3D printing for circularity: three examples of how plastic alternatives can contribute to sustainable development
3D printing has always primarily relied on polymer-based filaments or pellets, such as TPU and ABS, for the production of prototypes and on-demand components. However, the use of virgin polymers contributes significantly to plastic pollution, while more sustainable alternatives, such as PLA, still require controlled composting conditions to degrade properly at the end of their service life.
Biodegradable and compostable material for 3D printing
This first example is a biodegradable and industrially compostable material with a high mineral content that represents a sustainable alternative to conventional plastics. Described as a “3-in-1” substitute, it is suitable for injection molding, thermoforming, and 3D printing.
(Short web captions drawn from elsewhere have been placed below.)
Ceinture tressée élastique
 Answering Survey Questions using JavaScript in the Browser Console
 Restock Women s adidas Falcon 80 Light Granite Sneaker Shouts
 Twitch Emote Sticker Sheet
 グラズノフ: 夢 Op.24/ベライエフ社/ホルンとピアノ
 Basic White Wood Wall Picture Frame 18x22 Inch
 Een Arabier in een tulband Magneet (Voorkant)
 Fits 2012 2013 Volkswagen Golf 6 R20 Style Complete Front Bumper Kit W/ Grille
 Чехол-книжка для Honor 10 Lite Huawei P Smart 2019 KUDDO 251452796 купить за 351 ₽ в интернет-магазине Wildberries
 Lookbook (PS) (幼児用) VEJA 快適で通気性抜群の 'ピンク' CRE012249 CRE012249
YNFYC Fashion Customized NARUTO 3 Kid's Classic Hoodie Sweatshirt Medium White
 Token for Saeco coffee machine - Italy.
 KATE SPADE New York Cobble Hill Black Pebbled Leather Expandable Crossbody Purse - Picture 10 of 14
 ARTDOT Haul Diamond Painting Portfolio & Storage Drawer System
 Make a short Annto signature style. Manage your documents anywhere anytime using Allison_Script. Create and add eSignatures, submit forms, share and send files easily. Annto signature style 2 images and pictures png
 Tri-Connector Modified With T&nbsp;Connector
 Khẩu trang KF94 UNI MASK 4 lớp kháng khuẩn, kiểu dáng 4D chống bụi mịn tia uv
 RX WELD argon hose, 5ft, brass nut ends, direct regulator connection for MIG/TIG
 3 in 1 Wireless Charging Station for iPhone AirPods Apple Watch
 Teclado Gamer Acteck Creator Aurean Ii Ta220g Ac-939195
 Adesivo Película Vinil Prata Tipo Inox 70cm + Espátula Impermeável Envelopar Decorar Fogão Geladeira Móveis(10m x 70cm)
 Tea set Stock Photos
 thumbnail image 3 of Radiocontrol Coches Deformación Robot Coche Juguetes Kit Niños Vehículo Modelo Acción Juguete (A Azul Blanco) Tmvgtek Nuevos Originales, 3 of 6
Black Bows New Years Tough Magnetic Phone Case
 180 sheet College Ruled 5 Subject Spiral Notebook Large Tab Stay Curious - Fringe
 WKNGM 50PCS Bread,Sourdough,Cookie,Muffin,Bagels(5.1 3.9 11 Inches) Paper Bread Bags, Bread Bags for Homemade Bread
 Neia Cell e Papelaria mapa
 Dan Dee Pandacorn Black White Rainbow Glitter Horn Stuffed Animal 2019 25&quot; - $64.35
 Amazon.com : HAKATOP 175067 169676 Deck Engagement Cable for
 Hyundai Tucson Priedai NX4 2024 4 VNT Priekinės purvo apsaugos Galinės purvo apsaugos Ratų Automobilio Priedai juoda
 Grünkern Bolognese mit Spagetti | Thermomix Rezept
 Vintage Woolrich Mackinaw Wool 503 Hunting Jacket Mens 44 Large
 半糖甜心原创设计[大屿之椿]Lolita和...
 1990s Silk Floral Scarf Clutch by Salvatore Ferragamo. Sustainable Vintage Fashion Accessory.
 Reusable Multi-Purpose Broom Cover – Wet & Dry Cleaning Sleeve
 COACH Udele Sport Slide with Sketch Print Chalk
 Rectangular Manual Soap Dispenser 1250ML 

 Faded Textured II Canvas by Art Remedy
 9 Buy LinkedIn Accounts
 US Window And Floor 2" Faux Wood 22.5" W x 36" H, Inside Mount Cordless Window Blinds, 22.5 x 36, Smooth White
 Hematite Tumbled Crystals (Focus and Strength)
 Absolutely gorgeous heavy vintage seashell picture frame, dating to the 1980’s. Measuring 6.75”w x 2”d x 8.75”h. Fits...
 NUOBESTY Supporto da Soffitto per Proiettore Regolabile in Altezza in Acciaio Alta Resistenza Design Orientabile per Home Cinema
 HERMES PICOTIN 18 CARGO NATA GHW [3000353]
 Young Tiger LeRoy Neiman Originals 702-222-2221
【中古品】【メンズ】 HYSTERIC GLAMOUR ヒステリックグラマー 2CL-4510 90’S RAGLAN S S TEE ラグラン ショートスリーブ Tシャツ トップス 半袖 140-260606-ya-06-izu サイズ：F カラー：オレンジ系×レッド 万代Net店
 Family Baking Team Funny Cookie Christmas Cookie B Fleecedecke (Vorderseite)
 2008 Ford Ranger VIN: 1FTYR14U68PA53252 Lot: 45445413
The material contains 30% limestone (97% pure CaCO₃) together with plant-based compounds, achieving a certified bio-based content of 60 wt.% and is free of BPA and phthalates. It exhibits excellent mechanical properties, with performance comparable to HDPE and several grades of PP and ABS. Certified under the USDA BioPreferred® Program, it represents a viable alternative to conventional plastics for applications in packaging, furniture, and consumer goods.
Bio-based composites from household waste
Another example is a patented process that converts household waste into bio-based composites. After collection, recyclable materials such as glass and metals are separated and sent for recycling while the remaining materials – consisting of food waste, contaminated plastics, paper, and cardboard – are dried and ground into a fine powder. The powder is then processed in a reaction chamber, where it is transformed into a composite material with properties similar to those of bio-based plastics.
The resulting composite can be used as an additive (15–30 wt.%) in sustainable plastics or in its pure form for injection molding, additive manufacturing, and compression molding. The process generates no greenhouse gas emissions or waste by-products, requires low energy consumption, and uses no water, making it a promising solution for high-impact sectors such as construction.
Compostable bioplastic from renewable raw materials
The final example is a compostable bioplastic made entirely from renewable raw materials, including corn starch, sugarcane and potato starch. Developed for mass production, it consists of a patented blend of polylactic acid (PLA) and polyhydroxyalkanoate (PHA), making it suitable for 3D printing, injection molding, hot pressing, and extrusion.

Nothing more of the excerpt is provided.